On 8 November, the museum of East Asian Art celebrates the 100th anniversary of its foundation. On this occasion, the special exhibition "Ways and Changes" presents in four sections the forever changing and multi-faceted history of the collection, the fate of which - in the manner of a seismograph - reflects the socio-cultural movements and ruptures of the last hundred years.

Departure
The exhibition begins with the origins of the 'Ostasiatische Kunstsammlung' (Collection of East Asian Art) and the compilation of a new collection under the auspices of Otto Kümmel. Its foundation is due to Wilhelm von Bode's endeavour to build up museums of extra-European cultures in Berlin on par with those of European art.
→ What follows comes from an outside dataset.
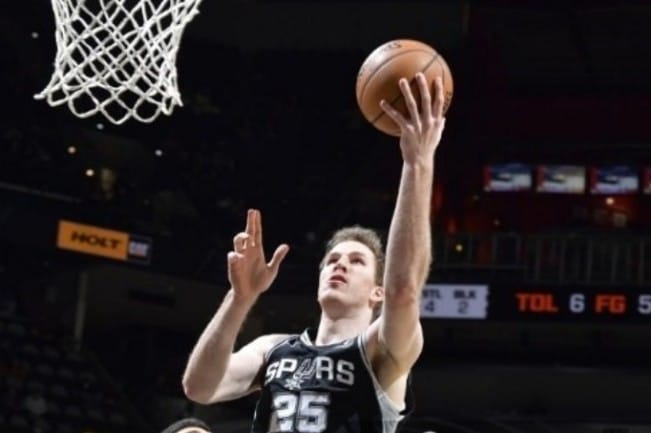 poeltl spurs troca bulls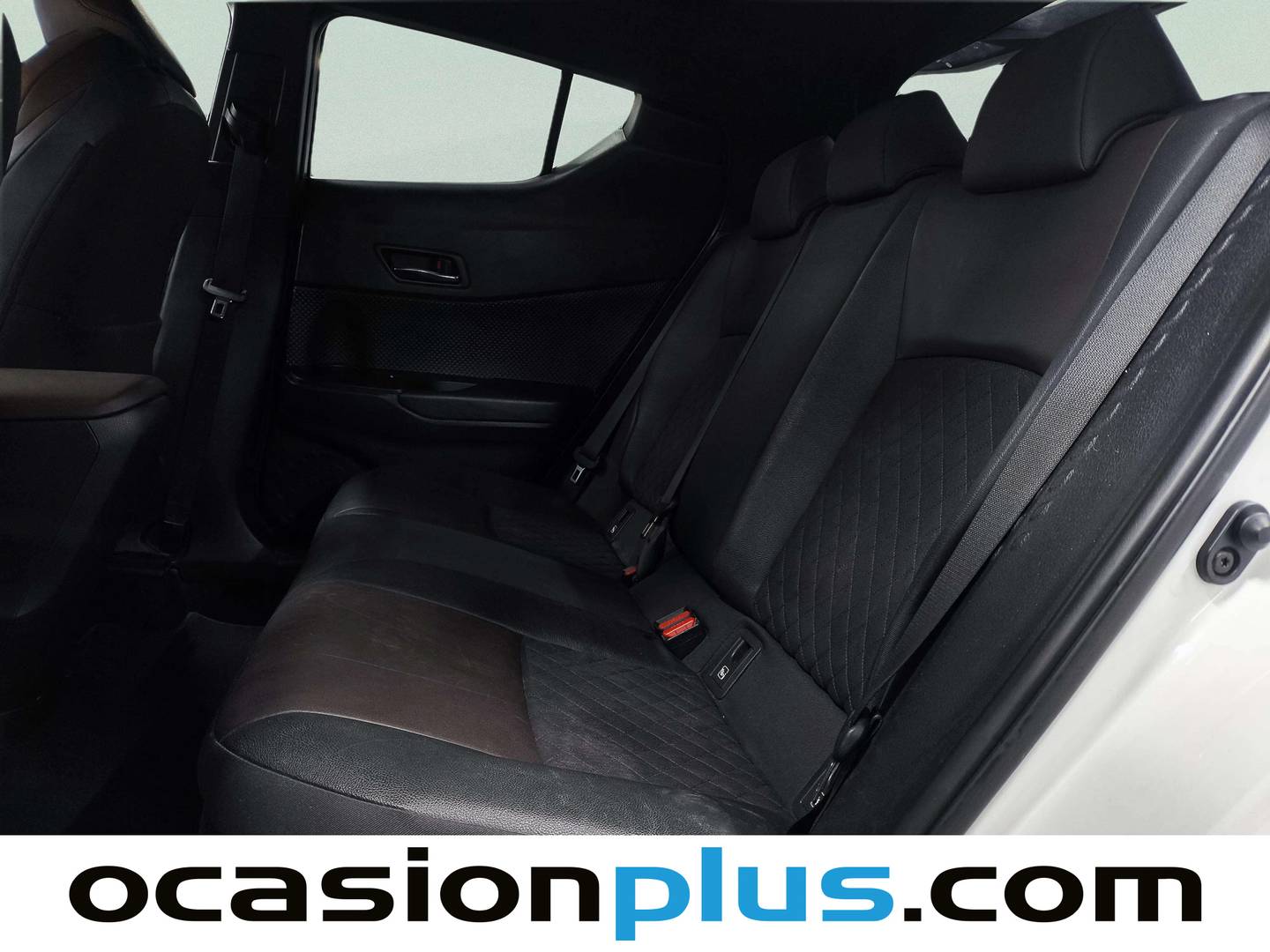Foto asientos traseros Toyota C-HR Toyota C-HR 1.8 125H Advance (122 CV)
This section presents the spectacular acquisitions from the Hayashi Tadamasa collection and illustrates the first displays at the Kunstgewerbemuseum (Museum of Decorative Arts), important special shows, and significant donations. Special attention is given to the very first presentation of the collection at the former Kunstgewerbemuseum in 1924 which was enthusiastically praised by contemporary critics.

Heyday
The second section is dedicated to the heyday of the museum and its association of friends, the Gesellschaft für Ostasiatische Kunst (Society for East Asian Art), founded in 1926. The society's members succeeded in forging collaborations with the Prussian Academy of Arts, thus realizing exhibitions which, during the 1920s and 1930s, attracted much attention in Germany and abroad. The cosmopolitanism and open-mindedness prevailing in Berlin at the time, together with the 'unique symbiosis of museum, dedicated collectors, and able art dealers' (Leopold Reidemeister) as well as the laudable commitment of patrons, mostly from the wealthy Jewish middle classes, contributed to the museum's comet-like rise.

Demise and Rebuilding
The third section traces the beginnings of the museum's demise during the Third Reich, the removal of the collection at the outbreak of the Second World War, as well as the catastrophic implications during the early post-war period when 90 percent of the museum's holdings were removed by the Soviet army. The documentation follows the re-launch on the Museum Island in the Eastern part of Berlin in the early 1950s, as well as the recommencement in the West, decisively accelerated by Leopold Reidemeister, with no more than around 300 objects from the original collection of the museum, to the first presentation in Dahlem in 1970.

New Splendour
The last section shows outstanding acquisitions of the last three decades, ground-breaking special exhibitions, the re-launch of the German Society for East Asian Art (Deutsche Gesellschaft für Ostasiatische Kunst), and the 1992 fusion of the collection which up to this point was divided into two parts, one in the East of the city, one in the West. In October 2000, the Museum of East Asian Art presented its freshly merged collection in a first new display. The exhibition ends with a forecast of the planned move of the collections of extra-European art and culture to the Schlossplatz, the site of the former city palace where the idea of a new Humboldt Forum is to be realised.